Au sein d’une métropole comme Liège, Cité ardente dont le commerce est la vitrine, la situation est plus tendue que jamais. Les rues commerçantes sont clairsemées et les quartiers dédiés à l’Horeca sont morne plaine. Que faire sans "deadline" dès lors ? Nous avons posé la question à l’échevine du Commerce Élisabeth Fraipont (MR), qui assure ne pas ménager ses efforts avec ses équipes… mais qui avoue aussi ne pas avoir toutes les cartes en main.

"Depuis mars dernier, nous travaillons sans relâche et nous sommes en contact permanent avec les différents secteurs", explique l’échevine sur un ton fatigué mais aussi déterminé, "nous avons mis en place plusieurs outils dont les mesures d’exonération ou de suspension des taxes et redevances, une plateforme de référence des commerces ; depuis juillet, il y a une collaboration avec le barreau pour apporter une aide juridique". Au 15 janvier 2021, 129 permanences avaient déjà été organisées, preuve que le recours à ce service est apprécié.
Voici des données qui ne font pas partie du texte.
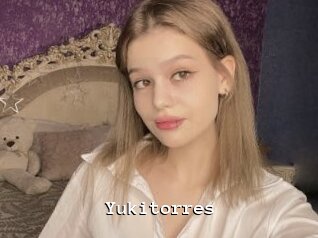 Yukitorres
En parallèle, d’autres campagnes de promotion du commerce local sont mises en place… mais ces mesures ne sont-elles pas des emplâtres sur une jambe de bois ? Non, car les aides sont bien utiles. Mais force est de constater aussi que la Ville de Liège n’a pas la maîtrise de la situation, ni sanitaire, ni économique…

Le problème des loyers

"C’est la raison pour laquelle nous avons sollicité une rencontre avec le ministre de l’Économie Willy Borsus, le 15 février", nous confie l’échevine. Ce n’est pas la première bien sûr mais l’urgence est plus que jamais de mise pour éviter que Liège ne se relève exsangue et amputée de ses atouts.
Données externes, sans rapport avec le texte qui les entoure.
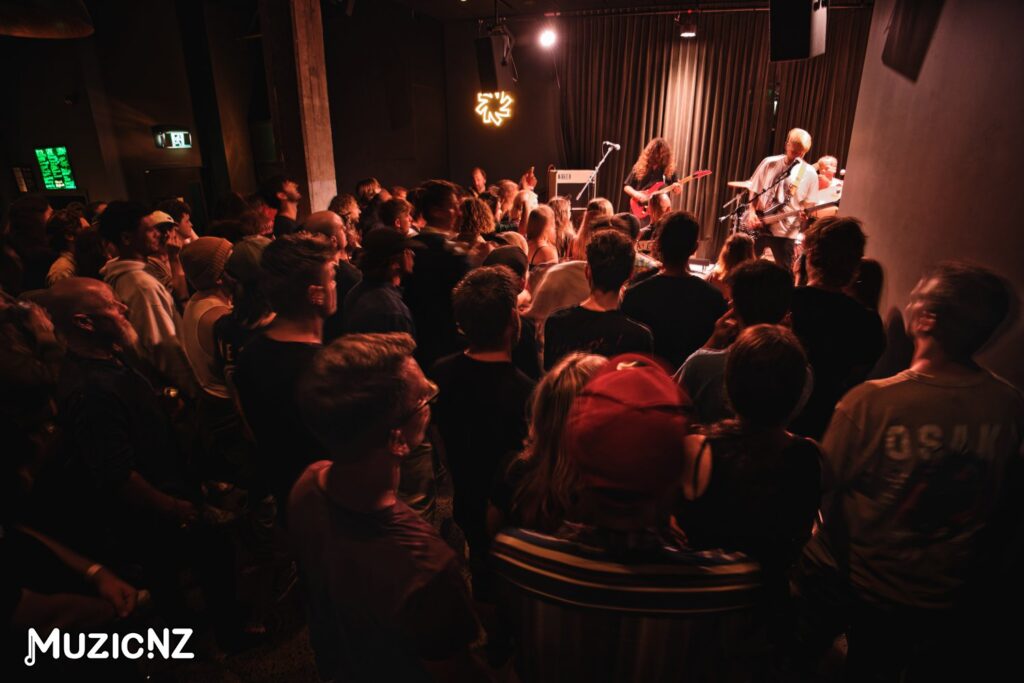 Animalhead @ Big Fan, Auckland 09/02/2024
Au menu de la réunion : "Tout ce que nous entendons sur le terrain, les problèmes très concrets et immédiats de liquidités des indépendants à commencer par les loyers". Des problèmes d’ordre juridiques aussi ou propres à certains secteurs et qui ne trouvent pas de réponses dans les aides régionales actuelles, ceux de secteurs indirectement touchés par la crise, "comme les psychologues privés de séance, un gestionnaire de club de danse, les métiers liés à l’événementiel". La liste est interminable.
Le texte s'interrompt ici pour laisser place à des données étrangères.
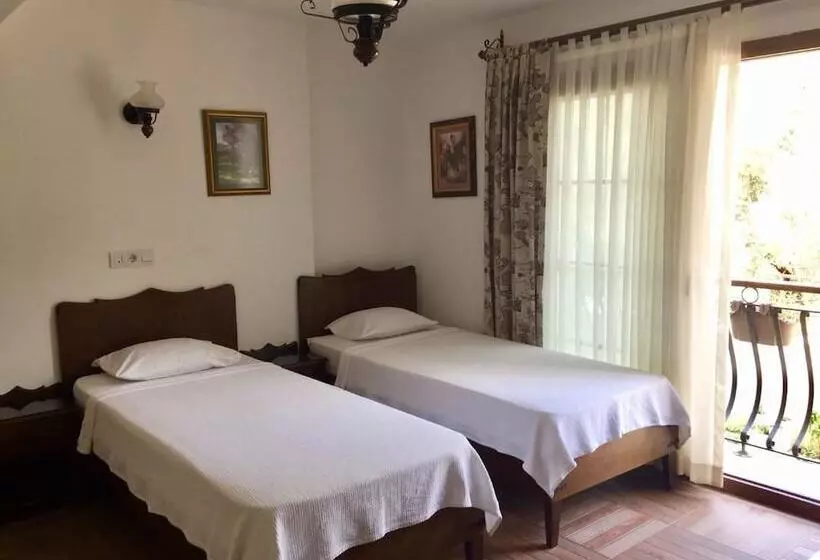 Kaptan Motel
Une requête ? "Clairement, nous plaidons pour la réouverture de l’Horeca mais malheureusement nous sommes aussi tributaires de la situation sanitaire et nous ne pouvons pas jouer au Don Quichotte".

La pression doit cependant être exercée pour ne laisser personne au bord du chemin doit-on comprendre, d’autant qu’à Liège, la problématique du chantier du tram n’arrange rien pour le commerce. "Nous insisterons vraiment sur l’impact plus particulier que la crise a sur les grandes villes". Et advienne que pourra !

20% de fermetures en plus !

Au sortir de la première vague de la crise, certains chiffres étaient évoqués quant à la situation des commerces et indépendants à Liège… On parlait de 30 % de faillites. Désormais, personne n’ose plus faire de pronostics mais, une certitude, les chiffres actuels sont tronqués par les moratoires sur les faillites et biaisés par des aides ou des suspensions de charges. Une onde de choc attend le secteur.

Pour Jean-Luc Vasseur, président de l’ASBL Le Commerce liégeois, l’avenir est assurément incertain et, d’après les retours pris sur le terrain, “il faut s’attendre à 20 % de fermetures supplémentaires”. Un chiffre qui, il l’avoue, est peut-être optimiste. Précisons : pas 20 % au total donc mais “de plus” que les faillites habituelles. Ce qui inquiète également le président du Commerce Liégeois, c’est l’impact profond que la crise aura sur le secteur. “En effet, un indépendant doit avoir le feu sacré pour mener son entreprise. Le commerçant travaille par passion, sans cela, il ne sait plus avancer. Avec ces perspectives d’endettement, on risque de voir énormément de commerçants jeter l’éponge avant la faillite”.